• **EXERCISE INSTRUCTIONS**
For this task, extract exactly the lines of the data below, from the line containing "Foto 3ª: Motor" through the last one, with pictures left out.

**********

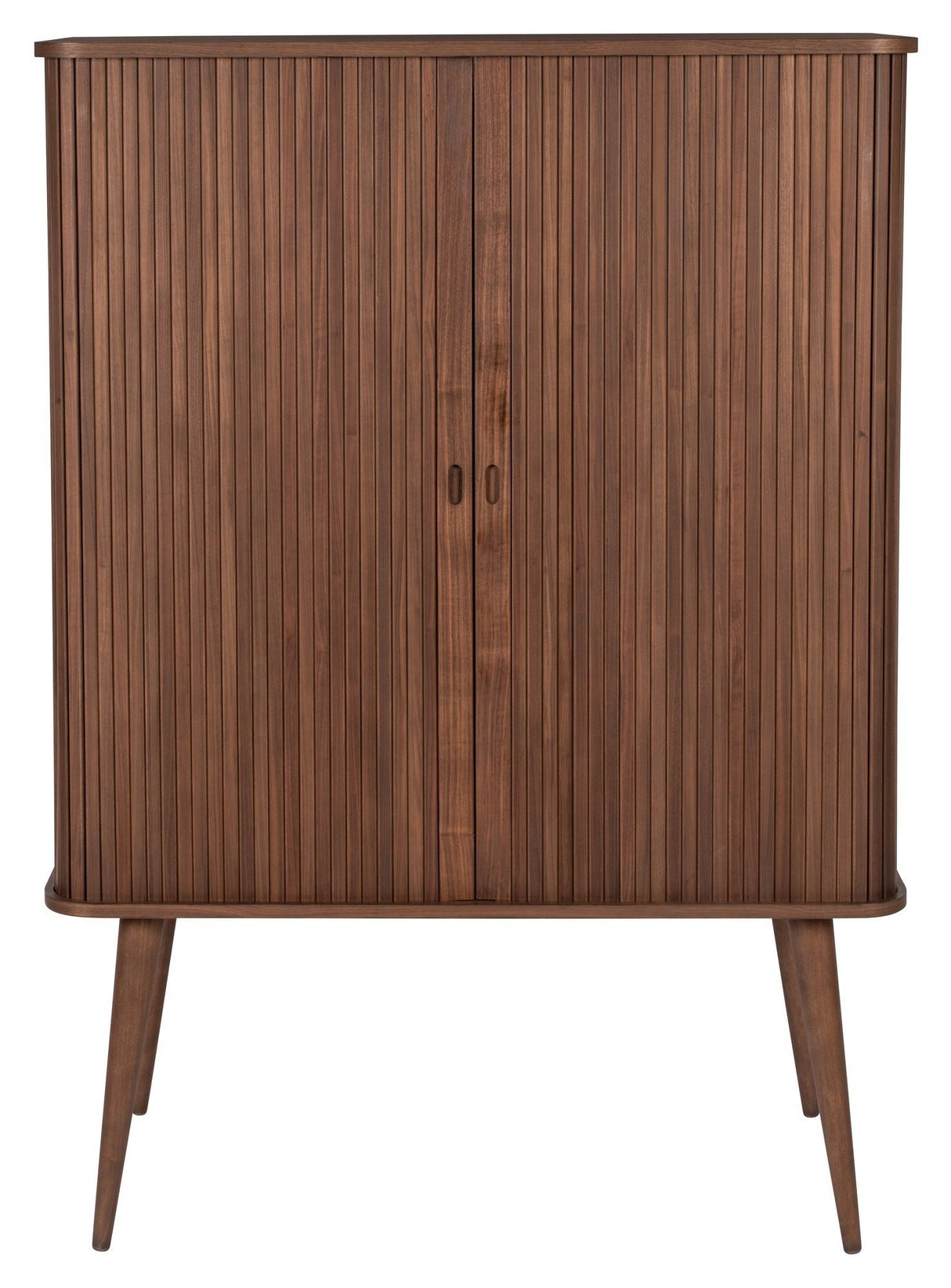 Zuiver Barbier High Sideboard - Walnut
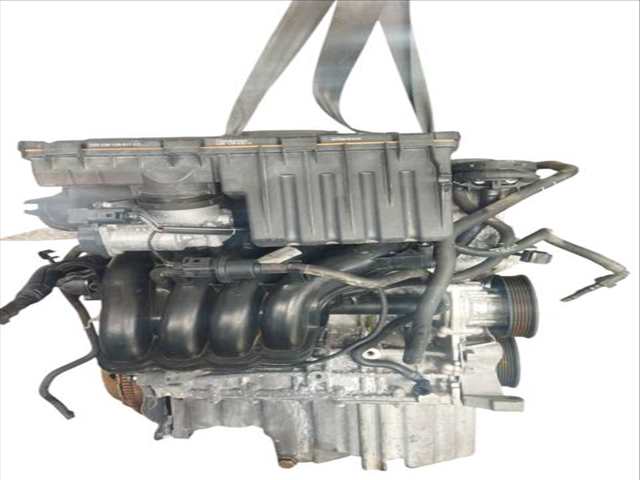 Foto 3ª: Motor Completo Seat Ibiza 1.6 (2008)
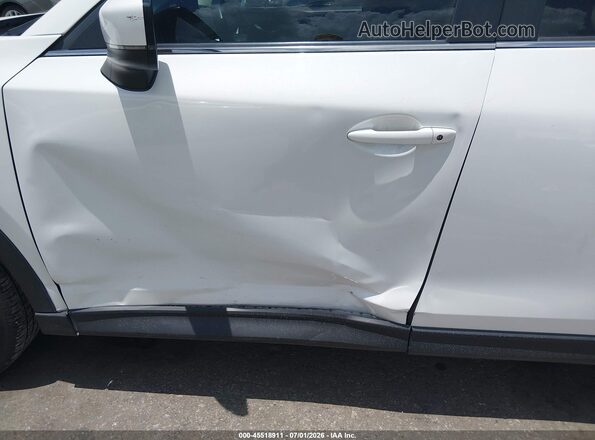 JM3KFBBLXH0108218 2017 MAZDA CX-5 White Front view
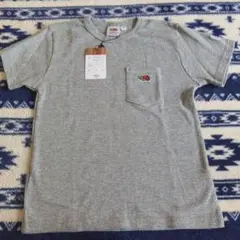 新品FRUIT OF THE LOOM Tシャツ グレー 130のサムネイル
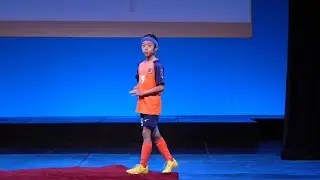 Sports can Genereate Academic Success | Aaron Kim | TEDxWISS Youth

**********

• **SOLUTION TO THE EXERCISE**
 Foto 3ª: Motor Completo Seat Ibiza 1.6 (2008)
 JM3KFBBLXH0108218 2017 MAZDA CX-5 White Front view
 新品FRUIT OF THE LOOM Tシャツ グレー 130のサムネイル
 Sports can Genereate Academic Success | Aaron Kim | TEDxWISS Youth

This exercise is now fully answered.